Published 8 May 2009

DARPA funds a program to develop a hopping robot; the robot will be able to jump stairs and go over obstacles; it will be used for urban reconnaissance and intelligence gathering — although DARPA admits it could also be fitted with a raft of weapons; one of the requirement for the hopping robot: “’stick’ accurate landings”

One of our favorite generals is James “Jumpin’ Jim” Gavin (he was called “The Jumping General” because he insisted on taking part in combat drops with the paratroopers he commanded). He rose to the rank of Lieutenant General in the U.S. Army and took part in many important operations during the Second World War, among them Operation Husky (the invasion of Sicily), Mission Boston on D-Day, and Operation Market Garden in the Netherlands. He had strong influence on early thinking about airborne battle tactics, writing the famous FM 31-30: Tactics and Technique of Air-Borne Troops.
Jumpin’ Jim Gavin was then, jumping robot is now: Jumping, or hopping, robots may soon find a role in the U.S. military. Sandia National Laboratories’ prototype Urban Hopper can leap eight meters vertically to clear walls or fences. Now robot maker Boston Dynamics has been given a contract to produce a military version with a bit more self-control.

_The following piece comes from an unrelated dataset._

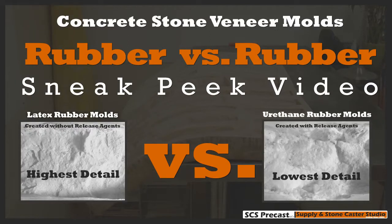Hello everyone and thank you for taking the time to watch this video. It's our hope that by watching our video you will have a better understanding of what type of rubber to use when buying or making your own stone veneer molds.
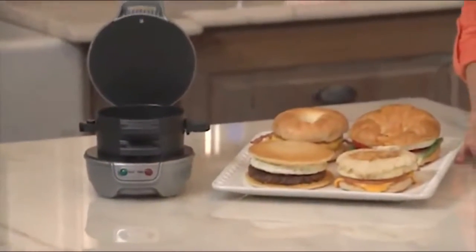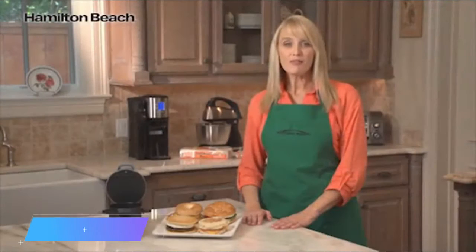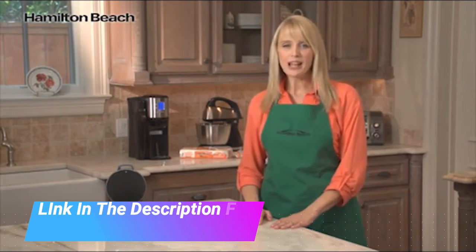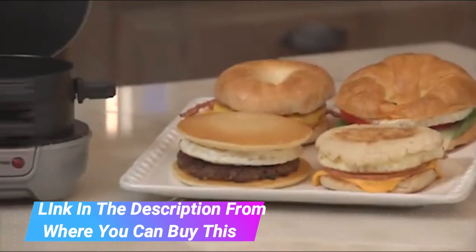Hamilton Beach 25475 Breakfast Sandwich Maker, Gray. Ready in 5 minutes, cook delicious breakfast sandwiches in the comfort of your own home. Use your own fresh ingredients including eggs, cheese and much more.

The program is funded by, who else, the U.S. Defense Advanced Research Projects Agency (DARPA), which says it wants the hopper for urban reconnaissance and intelligence gathering — although it admits it could also be fitted with a raft of weapons. DARPA requirements for the jumping robot read as if they were written for a gymnast training for the Olympics — “ability to make precise hops,” “’stick’ accurate landings,” “precision guided hopping,” and “precision hop performance.

Driven by an electric motor, Sandia’s shoe box-sized prototype rolls along on wheels. It jumps using a gas piston which is powered by methylacetylene and nitrous oxide. Its leaps so far are pretty haphazard. “The existing hoppers do not maintain a stable orientation during hops, but tumble randomly,” says DARPA spokesman Mark Peterson.
The next generation of hoppers should be able to jump up stairs or leap through open windows. Boston Dynamics expects to deliver the improved hopper in late 2010. Under a program called Future Combat Systems (FCS), the Pentagon wants one third of its forces to be robotic by 2015.